Stuffed we jumped on board, along with the bike, and took the short boat journey across the river to Inwa. Sitting a million miles away from the lively streets of nearby Mandalay, it’s hard to imagine this peaceful rural area was once a bustling capital. Now home to farmers, villagers and craftsmen, the only sign is the plethora of ruins scattered among the rich green fields or hidden in woods, where golden spires stretching to the sky give away their existence.
Most visitors take a tour by horse and cart, adding to the quaint and calming charm of Inwa. Despite the appeal, I decided to stick with Htoo Htoo, who had so far proved to be quite the tour guide, stopping at various historic spots on our way to the ancient city to explain their background.
My choice proved inspired as he wove his bike down dirt tracks that snaked through woods and fields to show me the highlights of the 5km trail. He led me petrified through the spooky bat-inhabited undercrofts of the imposing brick Maha Aungmye Bonzan temple, up the aged stairs to the roof of one of many dilapidated royal buildings to reveal unbroken views of the countryside dotted with collections of stupas, monasteries and ancient ruins.
After three hours, both exhausted, we headed back on the road to Mandalay, finishing my trip on a high. While the city had failed to impress at first, its mundane streets had started to grow on me. It was refreshing to see no signs of the West; no high street housing flashy franchises; no shimmering new tower blocks or classy cocktail bars.
Road to Mandalay – in words and song
On the Road to Mandalay comes from the poem by Rudyard Kipling called Mandalay that was published in 1892 in Barrack-Room Ballads, and Other Verses, although it was was written in 1890, when Kipling was 24. Clearly influenced by the beauty of the local women, Kipling adopts the persona of a young soldier who is longing for Asian exoticism from the cold of England.

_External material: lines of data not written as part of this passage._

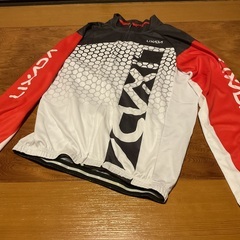 サイクルジャージ　長袖　Mサイズ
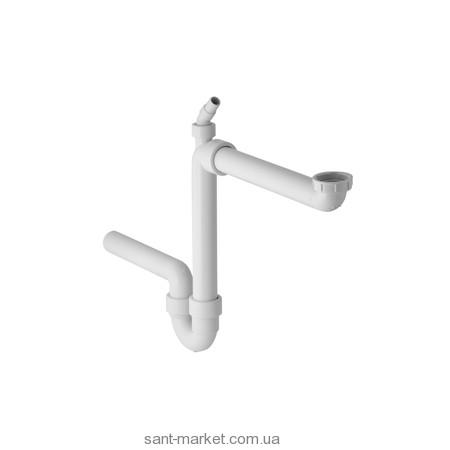Geberit Сифон на 1 сливное отверстие  ПП  d 40 мм 152.885.11.1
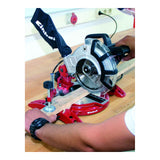 Sierra ingletadora Einhell TC-MS 2112 8" (210 mm), imagen 2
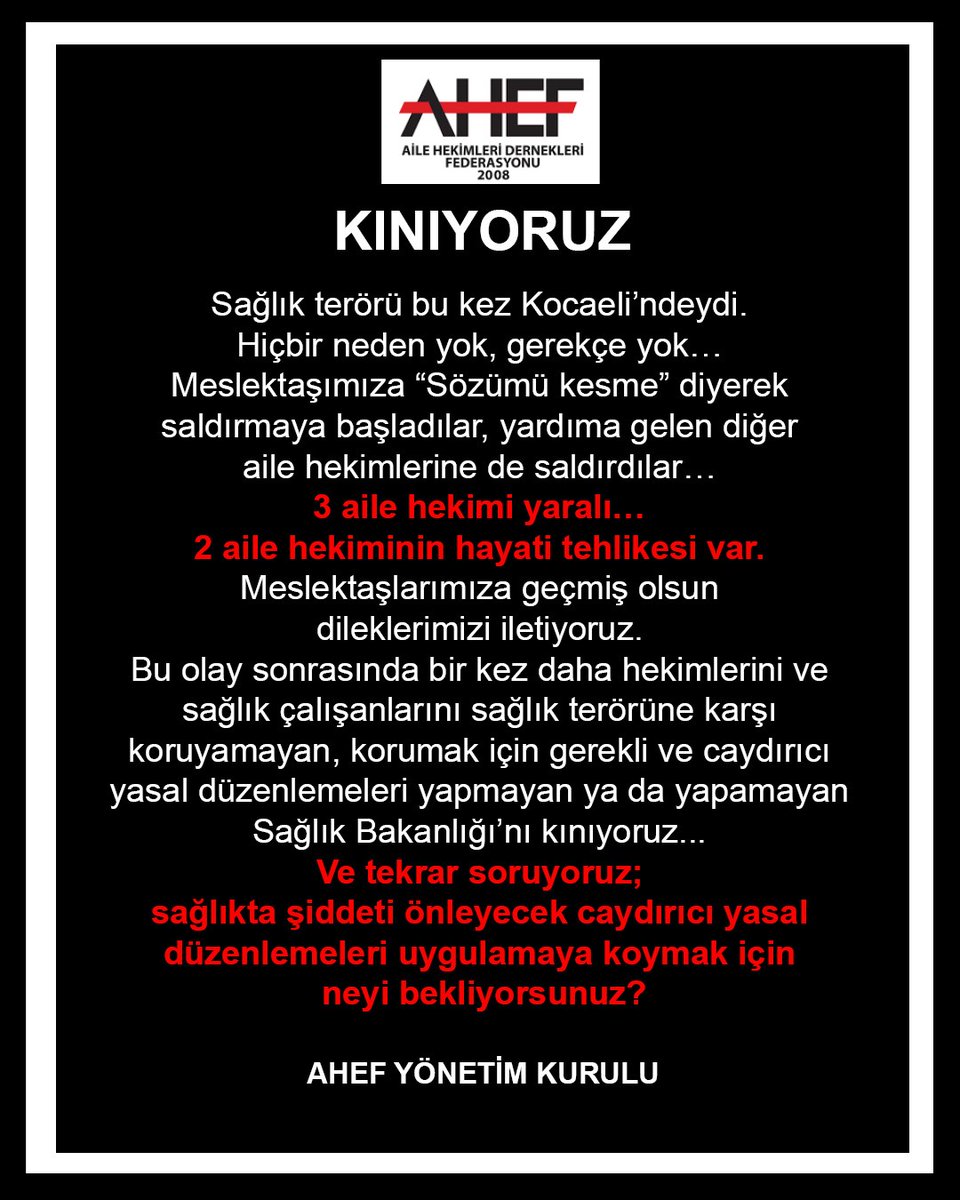 <a href="/drfahrettinkoca/">Dr. Fahrettin Koca</a> <a href="/halksagligigm/">Halk Sağlığı Genel Müdürlüğü</a> <a href="/KAHED_Kocaeli/">KAHED</a> <a href="/tcbestepe/">T.C. Cumhurbaşkanlığı</a>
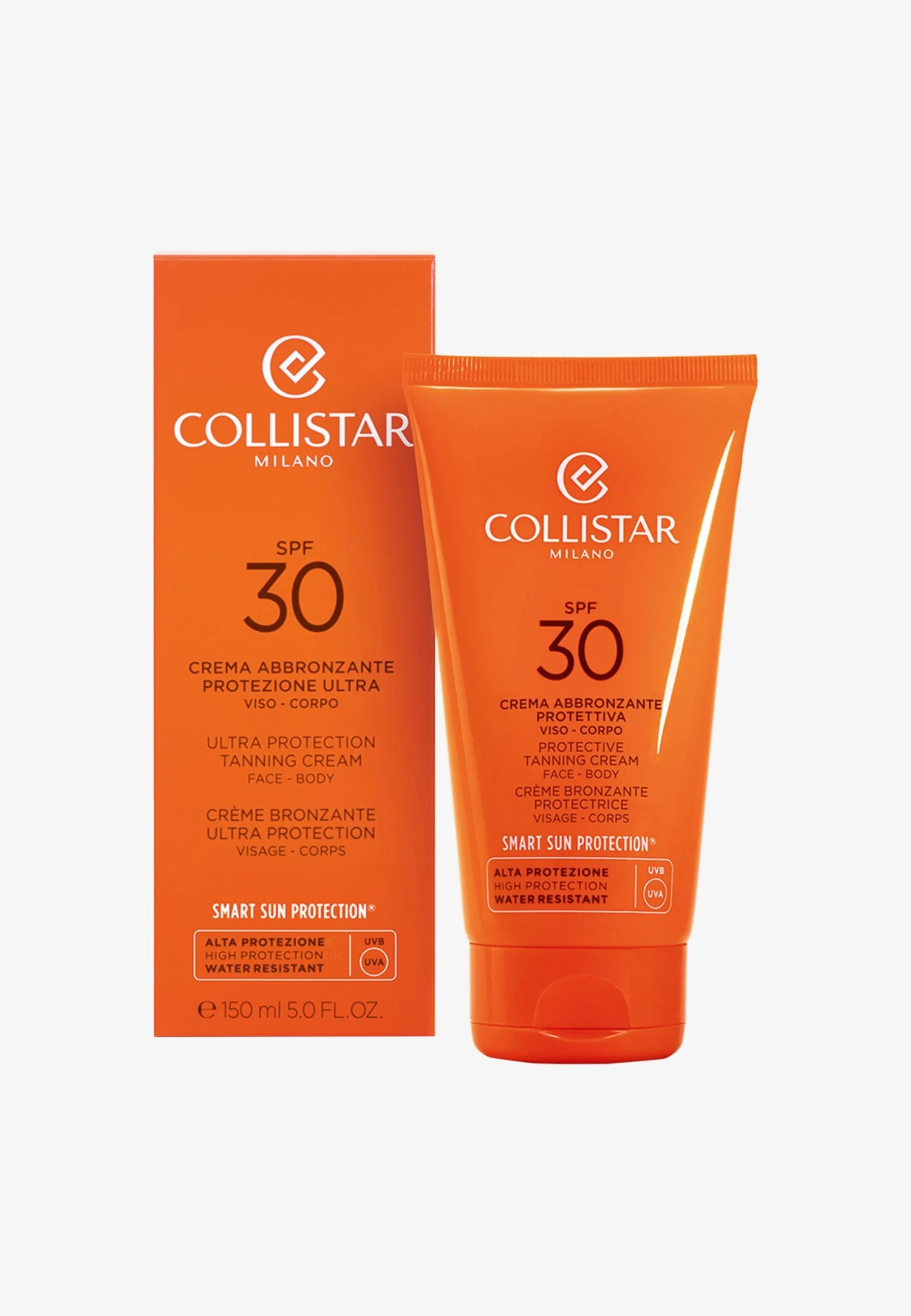 Collistar Ultra Protection Tanning Cream Spf 30 - Zonnebrandcrème - - 4 Collistar Ultra Protection Tanning Cream Spf 30 - Zonnebrandcrème - - - Afbeelding 2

Ironically, though the poem keeps on referring to the “road” to Mandalay, the normal route to the city from the then capital Rangoon, now Yangon, was by paddle steamer along the Irrawaddy River. Now fortunately Mandalay is easily accessible by road, although you can still travel there by boat if you choose.
The text was adapted for the song On the Road to Mandalay which was released by Frank Sinatra on the album, Come Fly with Me.
Like many parts of Myanmar, for now, Mandalay remains relatively untainted by tourism, or the outside world. Tradition still prevails, with many men and women, both young and old, sporting lungis. Life still has a laid-back, almost lackadaisical, feel to it. Food other than Burmese is scarce, but who cares when it’s so diverse, taking in cuisine influenced by its Chinese, Indian and Thai neighbours.
The sight of tourists still provokes a response. As we stood on the terrace of the sprawling Sutaungpyei pagoda at the 790ft summit of Mandalay Hill on the outskirts of the city, waiting for the sun to slip behind the panorama of rising hills on the horizon, crowds of monks practiced their English on us, relaying dreams of studying at Oxford University. And as we meandered through the many markets and carefully teetered half-way across the creaking teak wood U Bein Bridge, that miraculously stretches 1.2km across Taung Tha Man Lake, we were once again accosted by friendly, inquisitive locals wanting us to pose for pictures.
Charm this city has in bucket loads, if you scratch beneath the surface. The question is – how long will it last?